Pulling in different directions...the Kelpies enjoying the election.
Pulling in different directions…the Kelpies enjoying the election.

They say it’s going to be the closest general election for a generation.  But not in Scotland.  One opinion poll, Ipsos Mori, puts SNP support at 54 per cent, the culmination of a rising tide, and enough to give the SNP every seat in Scotland.

This might well be an exaggeration and it’s worth remembering that a third of voters have not yet made up their minds.  But there’s now no doubt that the SNP will do well on Thursday.

This has put all the parties into a state of bewilderment, not to say panic. The SNP themselves can’t quite believe what they are reading in the opinion polls or in the Sun newspaper, which has come out in their favour.  Nicola Sturgeon says no vote is being taken for granted. She is being flown around the country in her specially liveried helicopter to deliver her defiant message against “austerity” and for a strong Scottish voice at Westminster.

Labour leaders north and south of the border insist a vote for the SNP is a vote to put the Tories back into power.  But Nicola Sturgeon says Ed Miliband’s insistence that he will not make a deal with the SNP will do precisely that.  David Cameron meanwhile has been shoring up his core Conservative vote with a promise of no increase in taxes for the next five years.

I was fascinated to hear the views of my Scouts (11-14 year olds) on all this so-called adult behaviour.  We were holding a “civics” night and asking the patrols to draw up their manifestos for the election. Along with the expected calls for “no more homework” and “more money for rugby” there were several mentions of food banks, a higher minimum wage, no zero-hours contracts and quite a few worries about immigration.  In the quiz that followed, most patrols were scoring at least 15 out of 20 for general knowledge about the election.
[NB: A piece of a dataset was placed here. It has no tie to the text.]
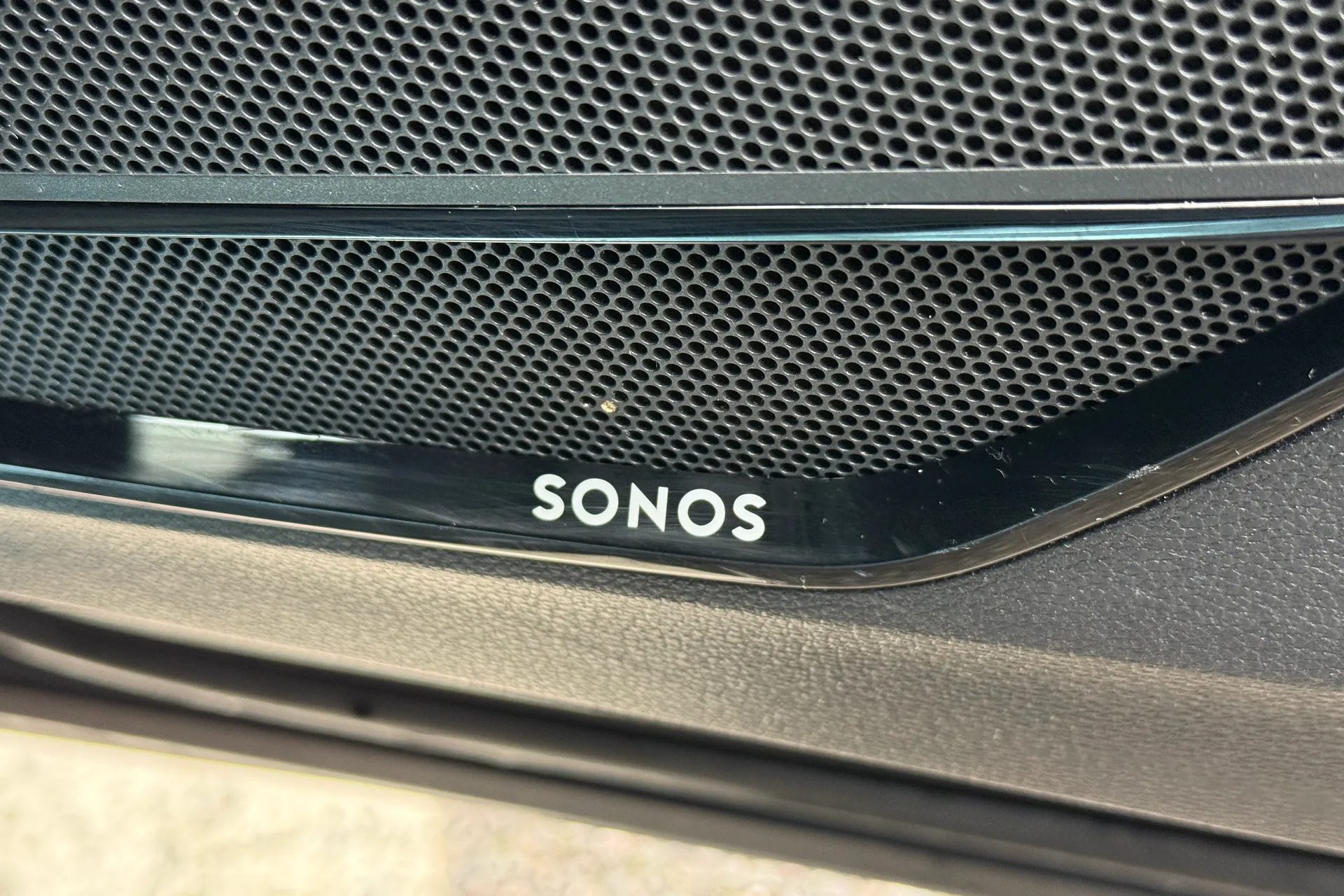 Audi Q3 thumbnail image number 21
Our political future is assured.

To judge from the media, we will wake up on Friday morning to Armageddon. No party will have won an outright majority of the 650 seats at Westminster. The media and the financial markets will then insist on a coalition, preferably after a week of frenzied, bleary-eyed, panic-stricken, behind-closed-doors meetings and incoherent press briefings.  This really IS adult behaviour.

How much happier we would all be, if the largest party were simply invited by the Queen to form a government immediately and then for it to bring each of its measures forward, one at a time, for open debate and decision in parliament.  Parties could then stay pure to their manifestos. We would have a leisured and open national debate about each issue and a truly democratic decision taken by a majority of the 650 MPs we elect. Minority governments are no more unstable than coalitions and in Scotland Alex Salmond showed how it could be done between 2007 and 2011.  My own prediction, for what it’s worth, is that we will have a minority government when that week of media-induced panic and failure is over.

And I rather fear the Institute of Fiscal Studies is right when it forecast this week that average incomes are set to decline whoever leads the next government.  There was a hint of this when the latest growth figures were published on Tuesday showing that the economy is slowing down again, with the slowest rate of growth for more than two years.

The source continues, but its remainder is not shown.